Interplay of charge and spin in quantum dots: The Ising case

The physics of quantum dots is depicted succinctly by the universal Hamiltonian, where only zero-mode interactions are included. In the case in which the latter involve charging and isotropic spin-exchange terms, this would lead to a non-Abelian action. Here we address an Ising spin-exchange interaction, which leads to an Abelian action. The analysis of this simplified yet nontrivial model shed light on a more general case of charge and spin entanglement. We present a calculation of the tunneling density of states and dynamic magnetic susceptibility.

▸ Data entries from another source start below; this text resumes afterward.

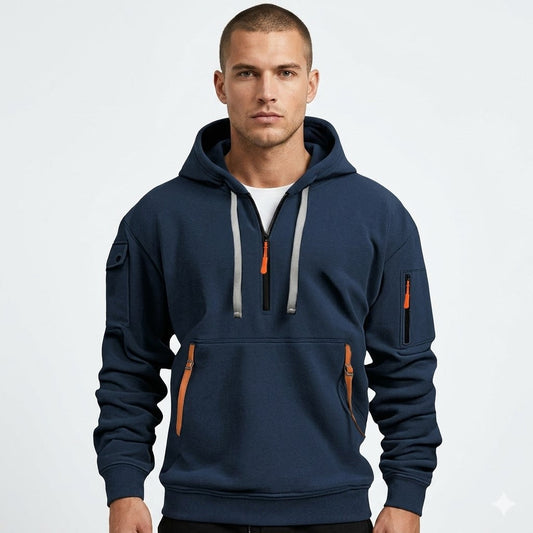 Mason Whitaker | Utility Half-Zip Hoodie For Men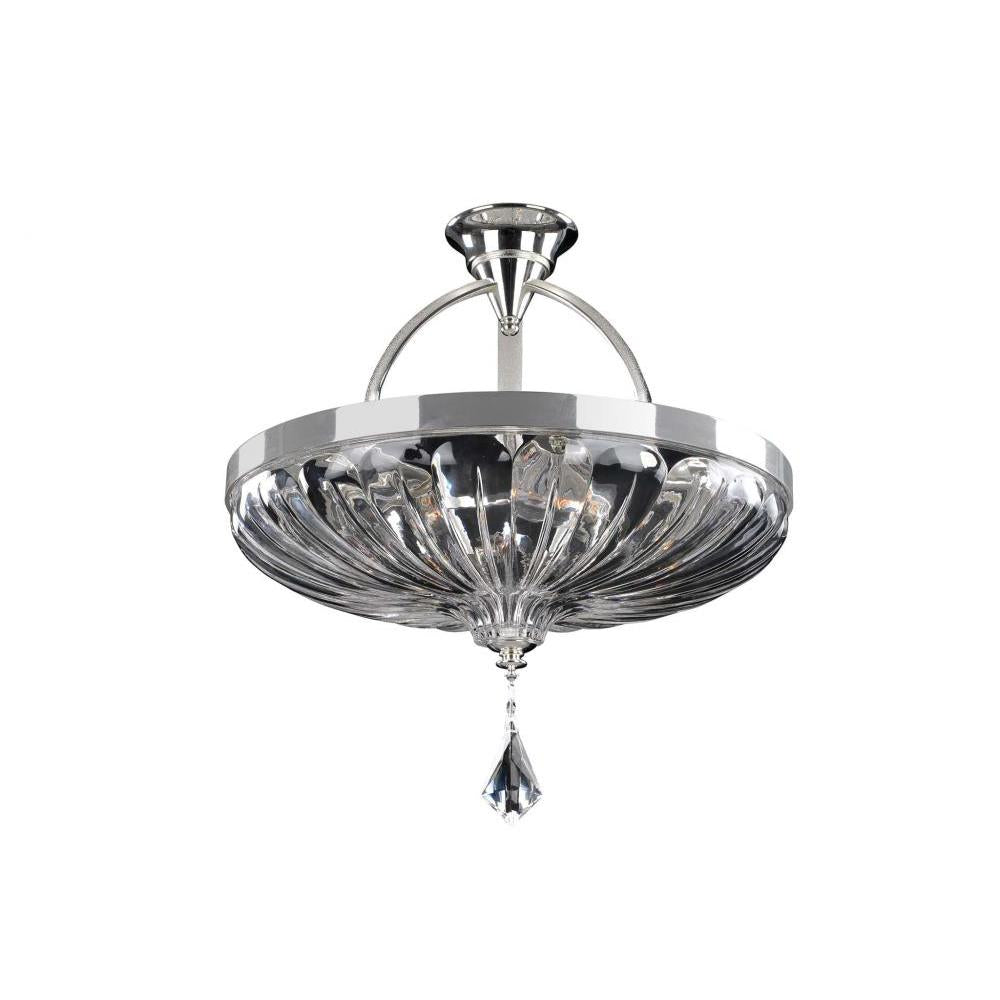 Orecchini 20 Inch Semi Flush Mount – Crystal+Form Allegri Crystal Lighting
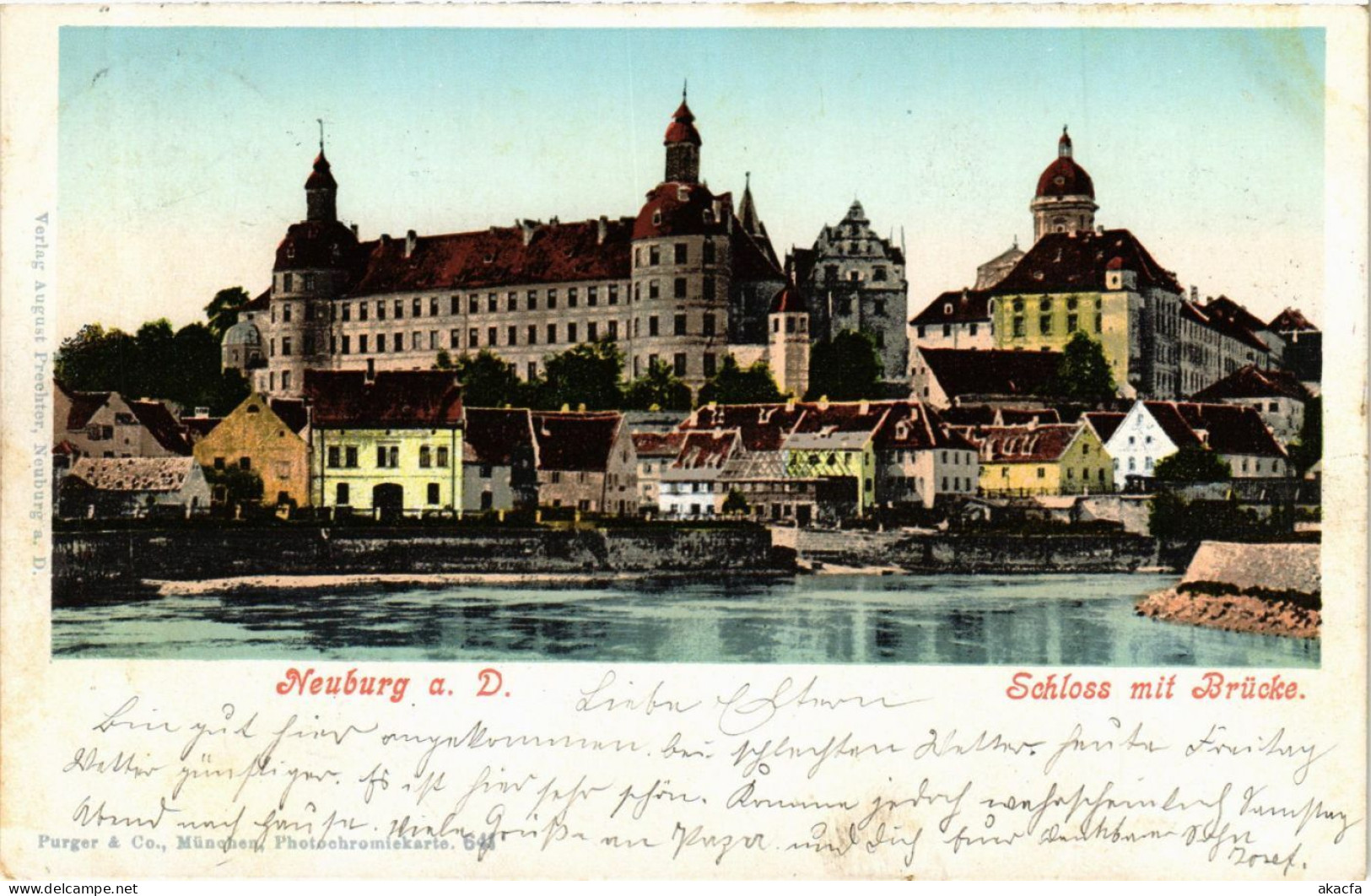 CPA AK Neuburg A.D. Schloss Mit Brucke GERMANY (875849) - Neuburg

We explain how the latter can be used for an experimental determination of the exchange interaction strength.

Figure 1

TDoS (in units of ${\nu }_0$) as a function of $\epsilon \equiv \varepsilon /E_c$ for $T=0.2E_c$ and $\Delta /T=0.1$ in (a) a CB valley (${\tilde{N}}_0=100$), (b) an intermediate region (${\tilde{N}}_0=100.35$), and (c) a CB peak (${\tilde{N}}_0=100.5$).

Figure 2

Dependence of the TDoS (in units of ${\nu }_0$) on the temperature (measured in $E_c$) at the bottom of a CB valley (${\tilde{N}}_0=70$) for $\Delta /E_c=0.02$.

Figure 3

$\frac{1}{\beta }\text{Im}{\chi }^{+-}$ as a function of frequency $\omega$ (in units of $\Delta$) for (a) $\frac{\Delta }{T}=0.1$ and $\frac{J}{\Delta }=0.1,0.2$, and 0.3 for the left, center, and rightmost curves, respectively, and (b) $\frac{J}{\Delta }=0.1$ and $\frac{\Delta }{T}=0.05,0.1$, and 0.2 for the top, center, and bottom curves, respectively.

Figure 4

Fit of numerically acquired data for FWHM to function $W=\alpha {\omega }_0$, yielding $\alpha =1.59$. $R^2$ for this fit is 0.999.